人類を守るために異星人からの地球侵略を防いだスーパーマン。だが皮肉にも、戦いの結果は平和をもたらすと同時に、都市に甚大な被害を及ぼし、多くの犠牲者を出してしまう。その強大なパワーを、ある者は“神の御業”と崇め、またある者は“悪魔の脅威”と感じる。バットマンとして悪と戦ってきたブルース・ウェインも世界を滅ぼす力を目の当たりにした1人。スーパーマン不要論の盛り上がりに呼応するかのように、強烈な憎しみを抱き“脅威”を取り除こうと立ち上がる。同じ頃、巨大企業レックス・コープを率いる若き実業家レックス・ルーサーは、異星人の遺物を集めていた。その動きを探る謎の女も登場。人類はまた混沌とした状況へと追い込まれようとしていた……。
「バットマン vs スーパーマン ジャスティスの誕生」 (1/2) - 映画ナタリー Power Push

バットマン vs スーパーマン ジャスティスの誕生
(Batman v Superman: Dawn of Justice - Official Trailer 2 [HD] - YouTube

『バットマン vs スーパーマン ジャスティスの誕生(以下DoJ)』は『マン・オブ・スティール(以下MoS)』の続編である。『MoS』はスーパーマンの誕生に関する物語である。クリプトン星崩壊の危機の中、ジョー=エル(ラッセル・クロウ)は息子に希望を託し彼を地球へと送った。彼はカンザスの農家ジョナサン(ケヴィン・コスナー)とマーサ(ダイアン・レイン)の夫婦に拾われ、クラーク・ケント(ヘンリー・カヴィル)として育てられる。彼がスーパーマンだ。クラークはもちろん地球人ではなくクリプトン人で地球人とは桁外れの身体能力、潜在能力を秘めている。
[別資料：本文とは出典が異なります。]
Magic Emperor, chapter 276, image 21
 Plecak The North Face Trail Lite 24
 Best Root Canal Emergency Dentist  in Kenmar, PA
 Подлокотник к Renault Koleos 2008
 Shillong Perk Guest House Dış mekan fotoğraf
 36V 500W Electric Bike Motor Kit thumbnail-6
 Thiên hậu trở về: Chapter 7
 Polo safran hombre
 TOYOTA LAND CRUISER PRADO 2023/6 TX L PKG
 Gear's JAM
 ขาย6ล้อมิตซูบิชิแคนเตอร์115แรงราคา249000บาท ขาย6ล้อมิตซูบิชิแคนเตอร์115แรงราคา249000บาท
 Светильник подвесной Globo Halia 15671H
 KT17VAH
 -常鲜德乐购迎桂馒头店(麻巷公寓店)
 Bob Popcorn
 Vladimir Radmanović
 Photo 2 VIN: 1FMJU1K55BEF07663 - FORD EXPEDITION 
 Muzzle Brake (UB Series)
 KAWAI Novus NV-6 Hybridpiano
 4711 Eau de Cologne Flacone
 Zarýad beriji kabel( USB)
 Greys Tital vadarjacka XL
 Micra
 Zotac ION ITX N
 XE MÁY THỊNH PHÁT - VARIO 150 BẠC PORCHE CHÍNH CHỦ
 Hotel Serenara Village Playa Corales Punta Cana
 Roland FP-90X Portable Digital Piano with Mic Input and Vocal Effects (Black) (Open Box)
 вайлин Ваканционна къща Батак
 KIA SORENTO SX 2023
しかし、その能力を使うことを養父のジョナサンから固く禁じられていた。なぜなら「人は理解できないものを恐がり、攻撃してくるから」だという。ジョナサンは決してクラークに能力を使うことを認めなかった。ハリケーンがクラークら家族や街の住人らを襲い、その猛威から彼らを救って逃げ遅れたジョナサンを助けようとしたクラークに対しても、ジョナサンは「ダメだ、今は力を使うな」という風に無言で制し助けを求めずハリケーンに飲まれていった。息子がバケモノ扱いされる将来が怖かったのだろう。しかし、事態は他のクリプトン人がクラークを探しに地球にやってきたことで急変する。今までは地球人に対してクラークがクリプトン人という構図で、第一項(地球人)に対して第二項としてクラークが潜在的に人類の敵となる可能性を秘めて存在していた。理解できないものは排除されるとすれば。他のクリプトン人がやってきてからは、彼らが得体の知れない理解できない第二項として地球人に認知されるようになった。そうするとクラークの立ち位置は第二項からスライドして第三項に移る。第三項というのは第一項と第二項の中間者のことだ。クラークはクリプトン人の能力を持ちながら地球人の文化を理解している両者の中間者である。悪夢の中でゾッド将軍(マイケル・シャノン)は中間者のクラークに選択を迫る。クリプトン人につくか地球人につくか。彼は母親と彼女を守ることをきっかけに地球を救う。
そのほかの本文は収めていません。